Il nucleo del Sole ruota più velocemente della superficie

Conserva la velocità delle origini

Una scoperta conferma per la prima volta una ipotesi formulata 20 anni fa ovvero che il nucleo del Sole ruota quattro volte più rapidamente della sua superficie.

Lo rivela uno studio pubblicato sulla rivista Astronomy and Astrophysics dai ricercatori dell'università della California a Los Angeles (Ucla), dell'Osservatorio della Costa Azzurra e dell'Istituto francese di astrofisica spaziale. La scoperta è stata possibile grazie all'analisi di 16 anni di osservazioni fatte dallo strumento Golf (Global Oscillations at Low Frequency) a bordo del telescopio spaziale Soho di Nasa e Agenzia spaziale europea (Esa). La spiegazione più probabile è che la rotazione del nucleo risalga al momento in cui il Sole si è formato, circa 4,6 miliardi di anni fa, ha spiegato uno degli autori, l'astronomo Roger Ulrich, della Ucla che studia il cuore del Sole da circa 40 anni.
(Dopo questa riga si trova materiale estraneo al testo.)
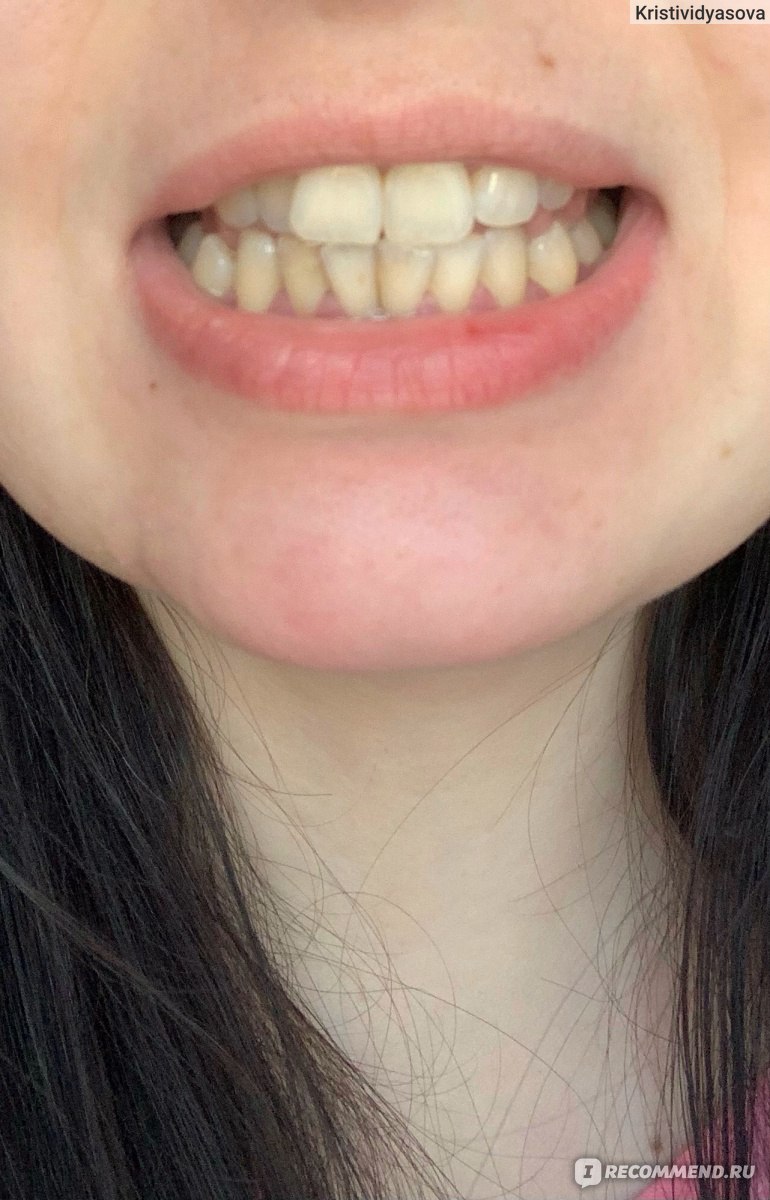 отбеливание зубов видео до и после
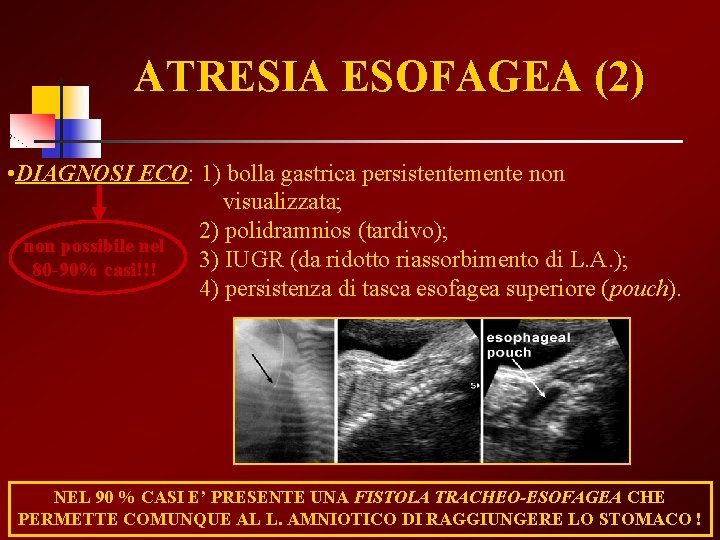 ATRESIA ESOFAGEA (2) • DIAGNOSI ECO: ECO 1) bolla gastrica persistentemente non visualizzata; 2)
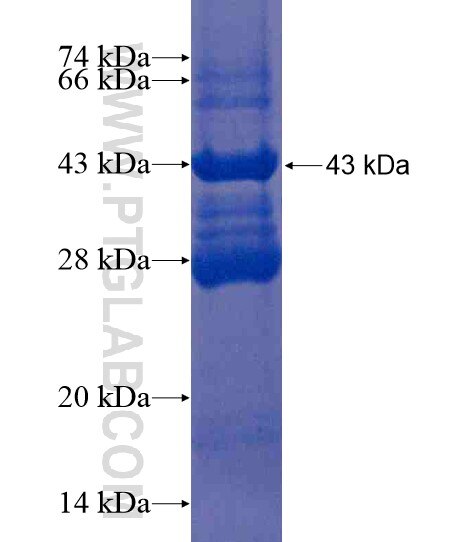 CALCA fusion protein Ag21503 SDS-PAGE CALCA fusion protein Ag21503 SDS-PAGE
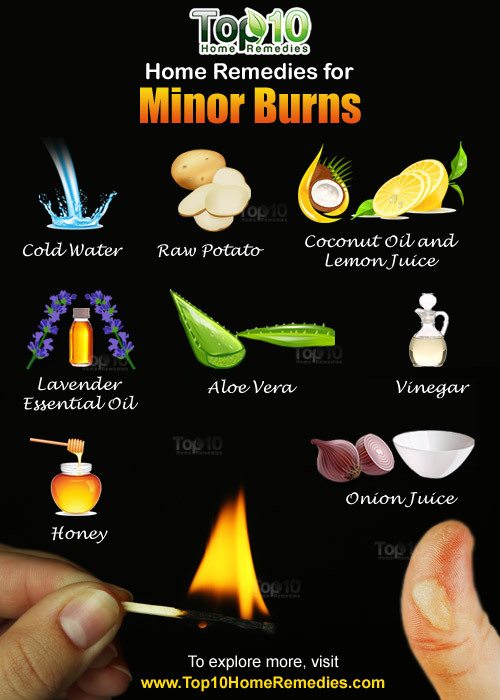 burn treatment home remedy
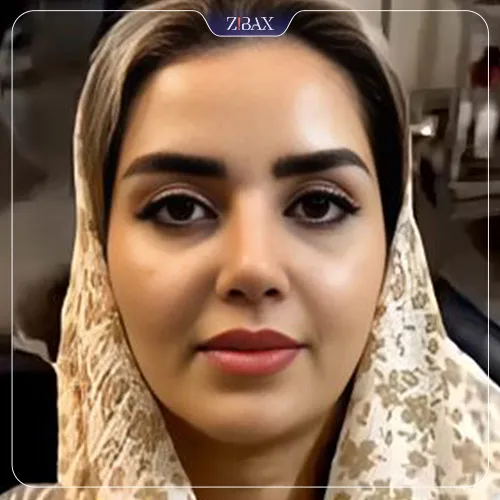 نمونه عمل جراحی بینی دکتر بابک خسرویان — تصویر 5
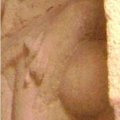 photo detail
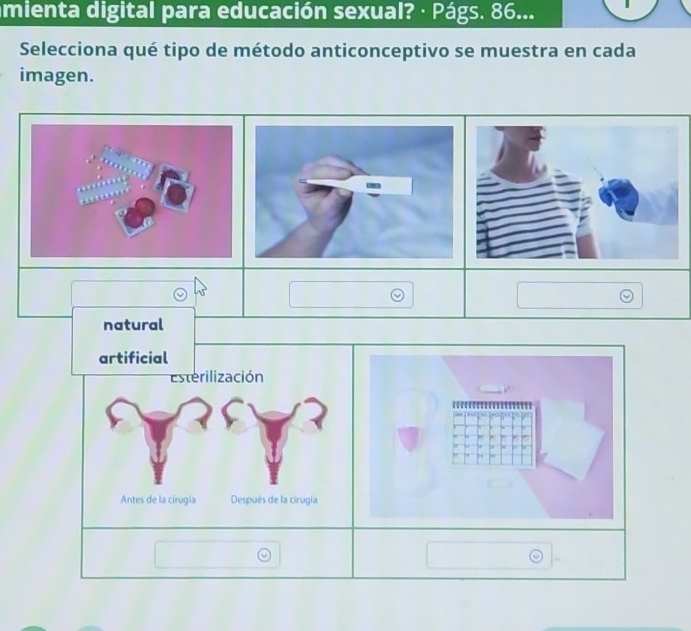 mienta digital para educación sexual? · Págs. 86...
Selecciona qué tipo de método anticonceptivo se muestra en cada
imagen.
natural
artificial
Esterilización
Antes de la cirugía Después de la cirugía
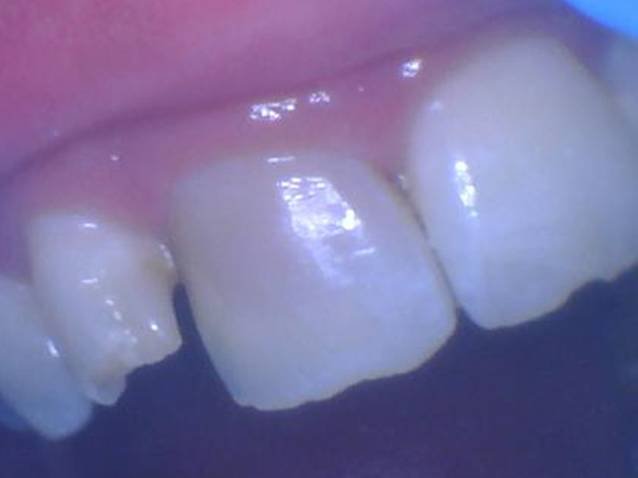 Teeth Whitening - Internal Bleaching - Before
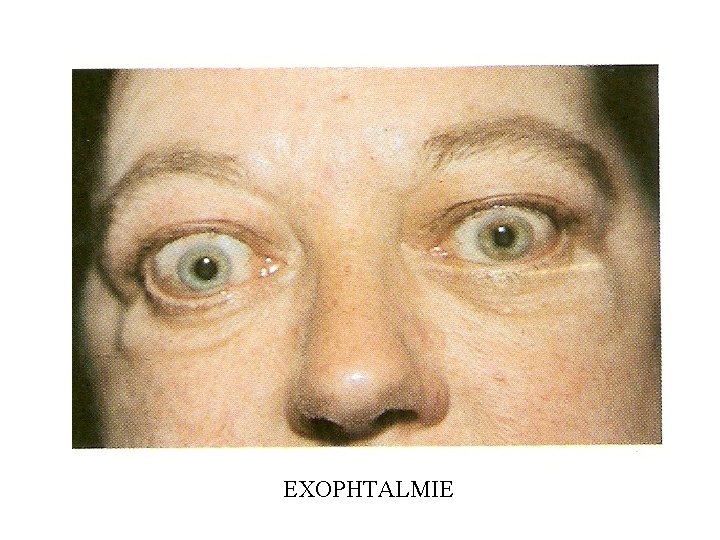 EXOPHTALMIE 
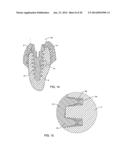 SELF-OSTEOTOMIZING BONE IMPLANT AND RELATED METHOD diagram and image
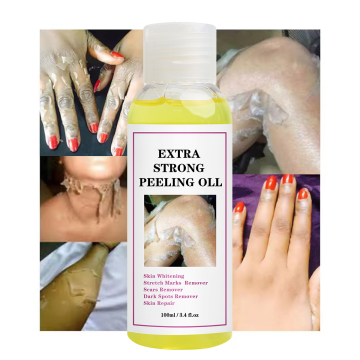 Private Label Dark Knuckles Skin Peeling Solution - Extra Strength Whitening Treatment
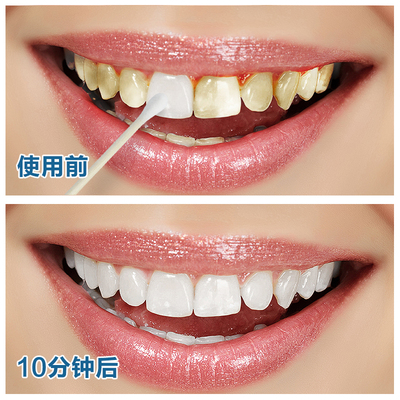 牙斑净牙齿美白白牙素速效美牙去黄牙烟牙茶渍洗牙水漂白洁白牙贴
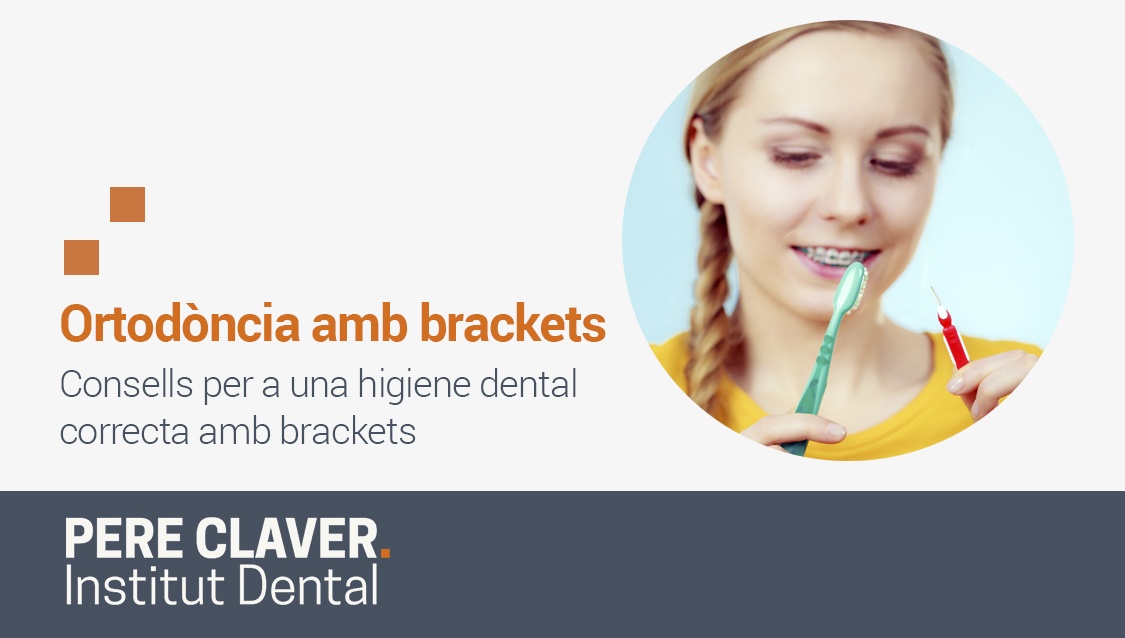 Ortodòncia amb brackets. Consells per a una higiene dental correcta amb brackets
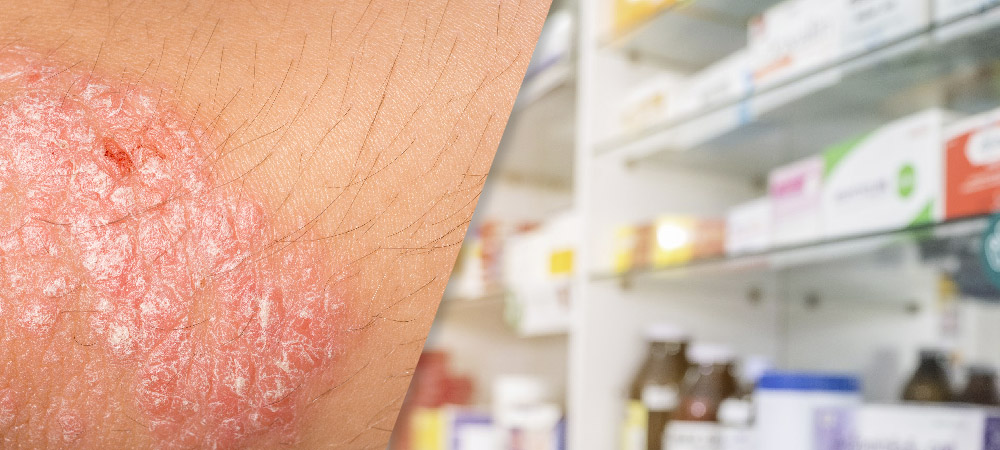 image of woman applying cream on her arm with psoriasis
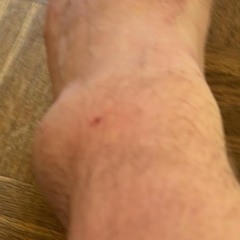 Mikkel elsker de gule og de blå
Secondo l'esperto il nucleo avrebbe mantenuto la rotazione originale, mentre la rotazione della superficie sarebbe stata rallentata successivamente, dal vento di particelle emesso dalla stella. La scoperta è stata possibile studiando le onde acustiche che si generano nell'atmosfera del Sole, alcune delle quali penetrano nel nucleo, dove interagiscono con le onde di gravità che hanno un movimento oscillante simile a quello dell'acqua che si agita in un'autocisterna che percorre una strada fatta di curve. I ricercatori hanno misurato il tempo necessario in cui le onde acustiche impiegano per viaggiare dalla superficie al centro del Sole e hanno visto che il tempo di percorrenza è influenzato dal movimento delle onde di gravità.

Da tutti questi dati è stato possibile poi ricavare i movimenti del nucleo del Sole e calcolarne la velocità di rotazione.